Inside of our target repository, it would work like this:

  1. Fetch the repository we want to import (say, "Project B", from $REPO_URL).

    $ git fetch $REPO_URL master
    

    This will set the FETCH_HEAD reference to the fetched repository.

  2. Rewrite the history of that repository through josh to make it look as if the project had always been developed at our target path (say, tools/project-b).

    $ josh-filter ':prefix=tools/project-b' FETCH_HEAD
    

    This will set the FILTERED_HEAD reference to the rewritten history.

  3. Merge the rewritten history into our target repository.

    $ git merge --allow-unrelated FILTERED_HEAD
    

    After this merge commit, the previously external project now lives at tools/project-b as expected.

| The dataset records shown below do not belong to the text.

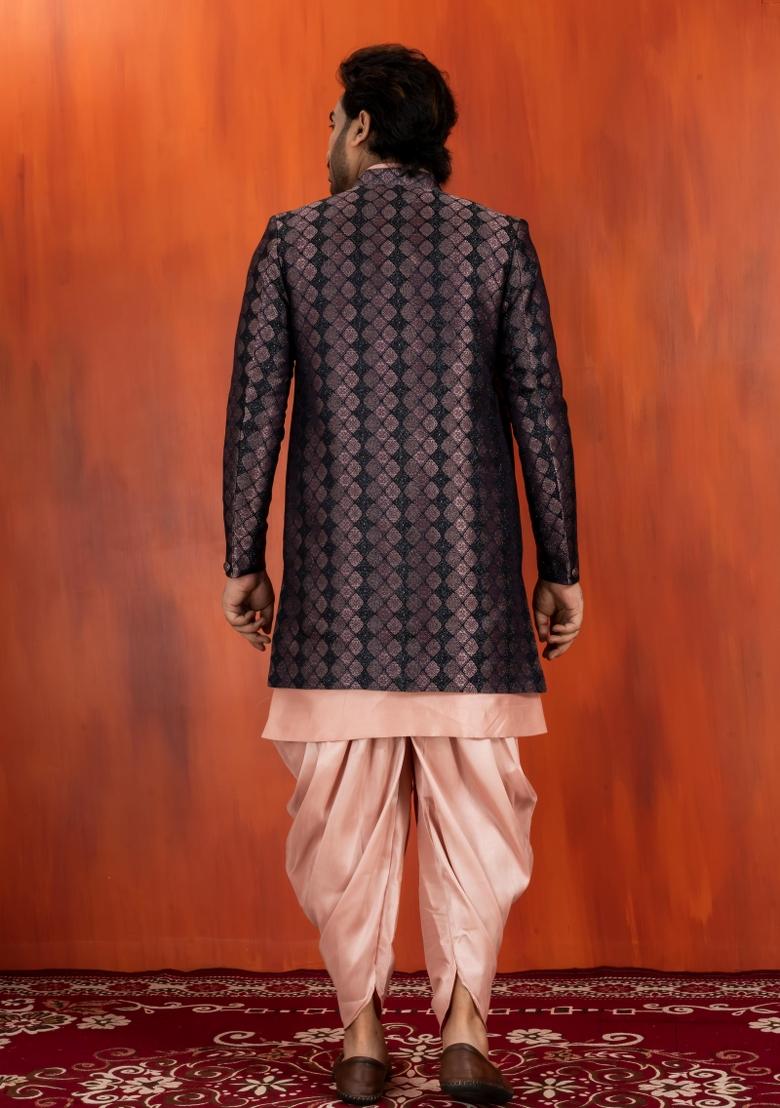 Black Embroidery Jacquard Sherwani Set For Men - Indya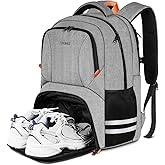 Ytonet Gym Backpack for Men Women, Backpack for Men with Shoe Compartment | Water Resistant Workout Sports Bag Fits 15.6 Inch Laptop for Sports Camping Hiking Grey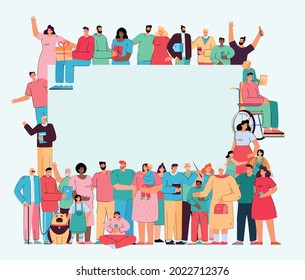 Crowd of different people standing together around blank banner. Community of multicultural people with different social statuses flat vector illustration. Population, society concept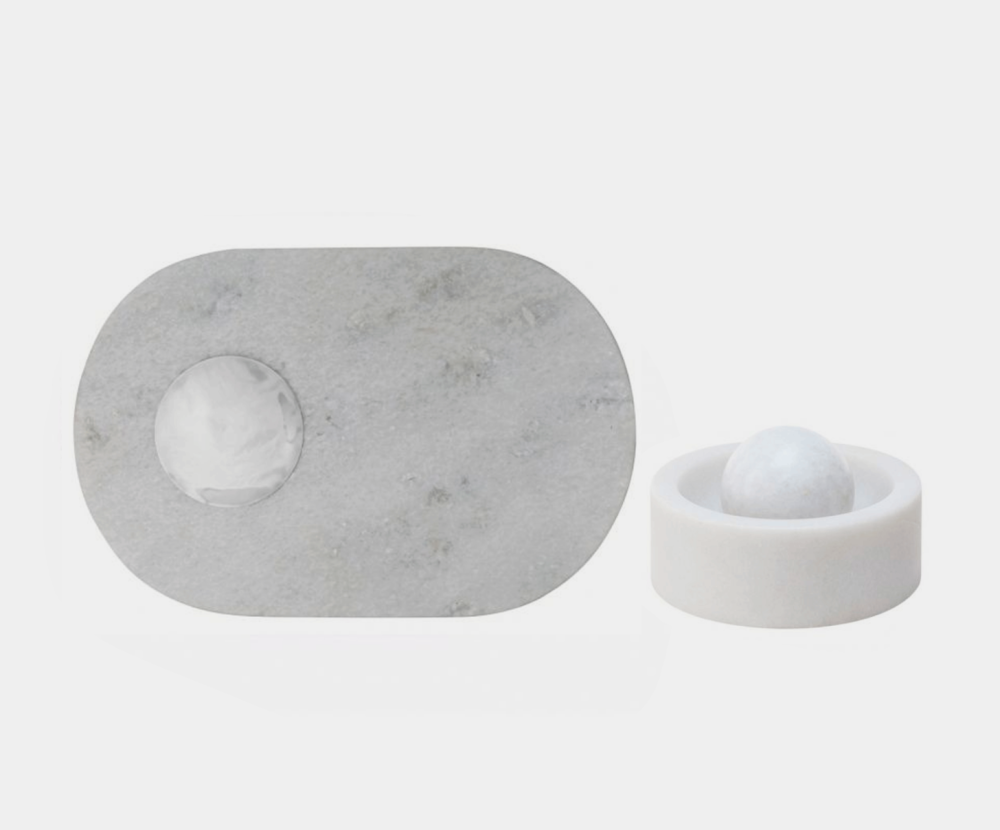 Stone Chopping Board and Spice Grinder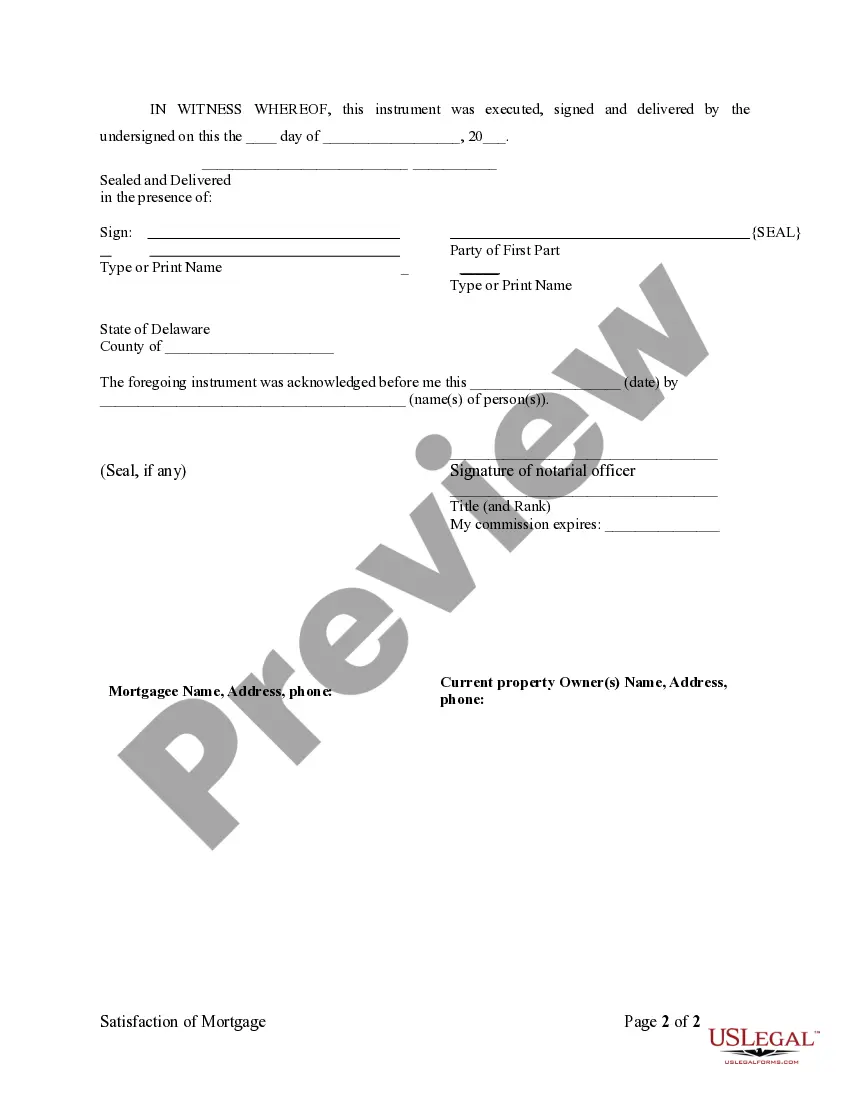 Preview Satisfaction, Release or Cancellation of Mortgage by Individual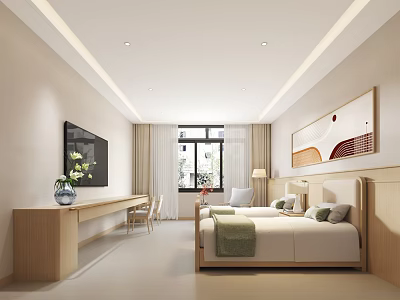 Bright Modern Bedroom Interior With Bed Wooden Desk Window Curtains And Wall Art 3d model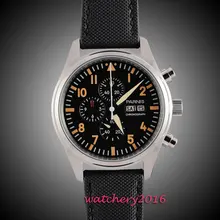 42mm parnis black dial Orange Marks Date vintage style luminous quartz movement chronograph men’s watch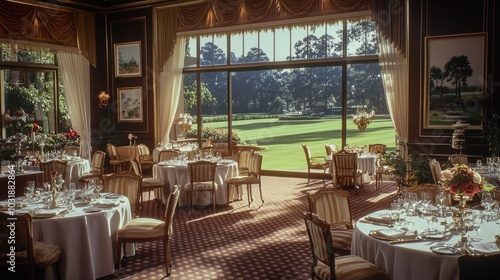 A posh 1980s country club dining hall with opulent decor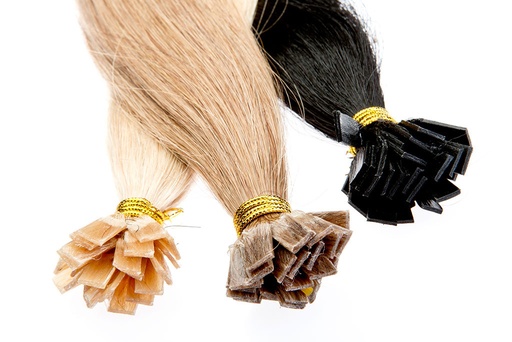 25 glatte Echthaarsträhnchen mit flachen Bondings 0,5 Gramm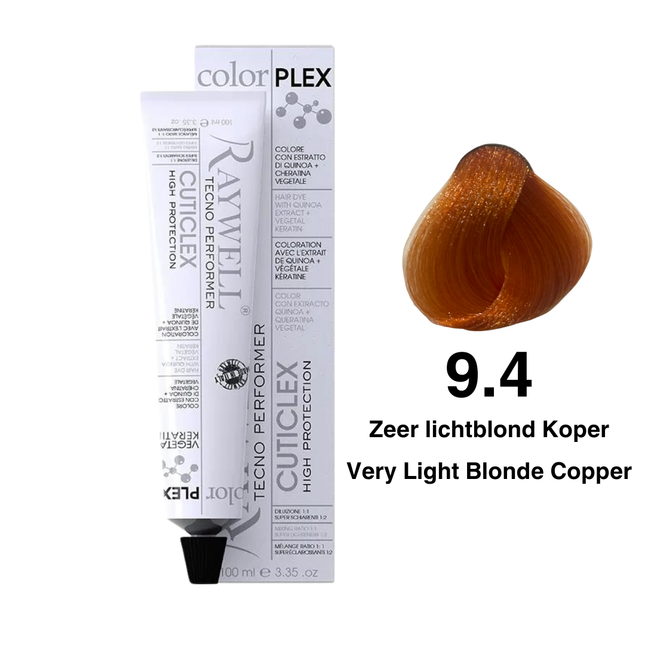 Raywell ColorPlex - Permanente HaarVerf - 9.4 - Zeer lichtblond Koper -100 ml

  4. Any external users can now use the :/tools/project-b josh filter to retrieve changes made in the new project location - without the git hashes of their existing commits changing (that is to say, without conflicting).

Import by pushing to josh

If your monorepo is already running a josh-proxy in front of it, you can also import a project by pushing a project merge to josh.

This has the benefit of not needing to clone the entire monorepo locally to do a merge, but the drawback of using a different, slightly slower filter mechanism when exporting the tree back out. For projects with very large history, consider using the josh-filter mechanism outlined above.

Pushing a project merge to josh works like this:

  1. Assume we have a local checkout of "Project B", and we want to merge this into our monorepo. There is a josh-proxy running at https://git.company.name/monorepo.git. We want to merge this project into /tools/project-b in the monorepo.

  2. In the checkout of "Project B", add the josh remote:

    git remote add josh https://git.company.name/monorepo.git:/tools/project-b.git
    

    Note the use of the /tools/project-b.git josh filter, which points to a path that should not yet exist in the monorepo.

  3. Push the repository to josh with the -o merge option, creating a merge commit introducing the project history at that location, while retaining its history:

    git push josh $ref -o merge
    

Note for Gerrit users

With either method, when merging a set of new commits into a Gerrit repository and going through the standard code-review process, Gerrit might complain about missing Change-IDs in the imported commits.

To work around this, the commits need to first be made "known" to Gerrit. This can be achieved by pushing the new parent of the merge commit to a separate branch in Gerrit directly (without going through the review mechanism). After this Gerrit will accept merge commits referencing that parent, as long as the merge commit itself has a Change-ID.

Some monorepo setups on Gerrit use a special unrestricted branch like merge-staging for this, to which users with permission to import projects can force-push unrelated histories.